“May you live long enough to have the plants you permitted be replaced by other plants you permitted,” said Robert Schulte, Principal at Schulte Associates, at a session about bringing energy storage to market at PGI 2016 in Orlando.
It was a funny statement, and the room laughed. But underlying such a statement is a real truth. The power generation industry is changing, and with that evolution comes a host of new technologies—some of them disruptive—that must be integrated into the existing landscape.
Chaired by Edison Electric Institute’s Dr. Lola Infante, Wednesday morning’s session included presentations by not just Schulte, but also Dale Bradshaw, CEO/Consultant to NRECA and CEATI, Electrivation; Andrea Romano, Managing Consultant , Navigant Research; and Mark Higgins, Assistant Director, Technical & Project Management Division, Loan Guarantee Program, U.S. Department of Energy.
While the session orbited around the topic of energy storage, it also addressed multiple ancillary technologies and industries which inform energy storage’s place in the industry.

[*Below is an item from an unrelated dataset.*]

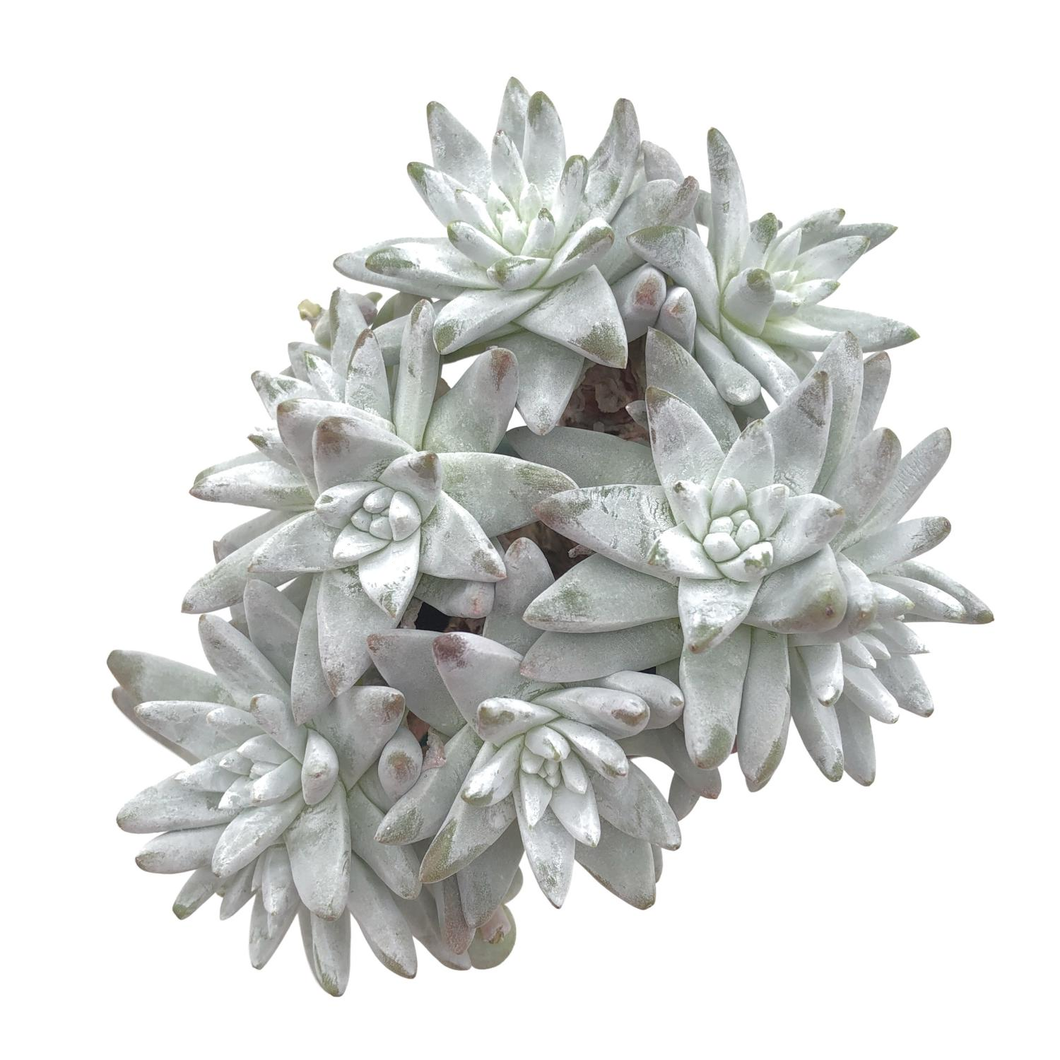 April 2023 Delivery- Dudleya McCabe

Bradshaw began the morning with a broad survey of available energy storage technologies, describing technical specifications (cycle capacities, required capital investment per kilowatt-hour, and depth of discharge capabilities) of multiple energy storage technologies from conventional lithium-ion batteries and EOS’s Znyth hybrid cathode batteries, to compressed air energy storage and underground pumped hydroelectric storage. Renewable energy will “tear up” existing fleets without fast-response power generation, Bradshaw said, adding that because energy storage can respond in seconds, it will be instrumental in maintaining existing fossil fleets. He went on to say that the energy storage industry was becoming overcrowded, because the market hasn’t “shaken out” yet, seeming to imply that competition in the field will consolidate the industry, creating winners and losers in the process.
For his part, Schulte discussed the relative merits of multiple energy storage projects across the industry—among them CAES and pumped storage projects—as well as their performance in the field and marketplace. Grid-level energy storage increases integration of renewables, he noted, while also reducing the cycling of fossil plants. He added that energy storage also reduces constraints on transmission and delivery infrastructure across the industry. Grid-level storage proves more difficult to monetize in RTOs and ISOs, he said, and there is need for new markets and tariffs to improve this situation. As things now stand, he explained, there is the potential for “free riders” who benefit from energy storage while bearing no obligation to pay for it. Energy storage needs to have its own regulatory category, he continued, one that recognizes energy storage can serve multiple roles in the industry. “Traditional regulation is trying to drive a round peg into a square hole,” he concluded, and energy storage installations are not being properly compensated.
Harmonizing with Schulte, Romano noted that power generation is changing, adding that energy storage “is the crux” of this evolution. Storage costs have dropped by up to 60 percent in the last two years, she said. Concluding her presentation, she discussed the fundamental role that energy storage plays in virtual power plants.
While not addressing energy storage directly, Higgins spoke about the Loan Guarantee Program of the U.S. Department of Energy, which impacts renewable power generation and, by extension, the development of energy storage. Energy storage qualifies for funding under both renewable and fossil energy loan programs, he said. The loan program office is a high-risk organization, he added. The Title XVII loan guarantee program bridges a financial gap in the power industry, providing funding for first-of-their-kind energy technologies which are too new in the industry to have histories of loan payback, and so are neglected by commercial lending institutions. Citing the historical case of utility-scale photovoltaic (PV) solar projects, he noted that in 2010 the loan program underwrote loans for five such projects, when other lenders would not. In 2016, he said, there are now 45 privately-financed PV projects. Amazingly, he added, the program has experienced only a 2 percent loss. Higgins concluded by enumerating the four eligibility requirements that projects must meet to qualify for loans from the program. They must utilize new or significantly improved technologies that have not been deployed in the United States more than three times in the last five years. Projects must also avoid, reduce, or sequester greenhouse gases. Finally, he said, they must be located in the United States and have a reasonable prospect of repayment.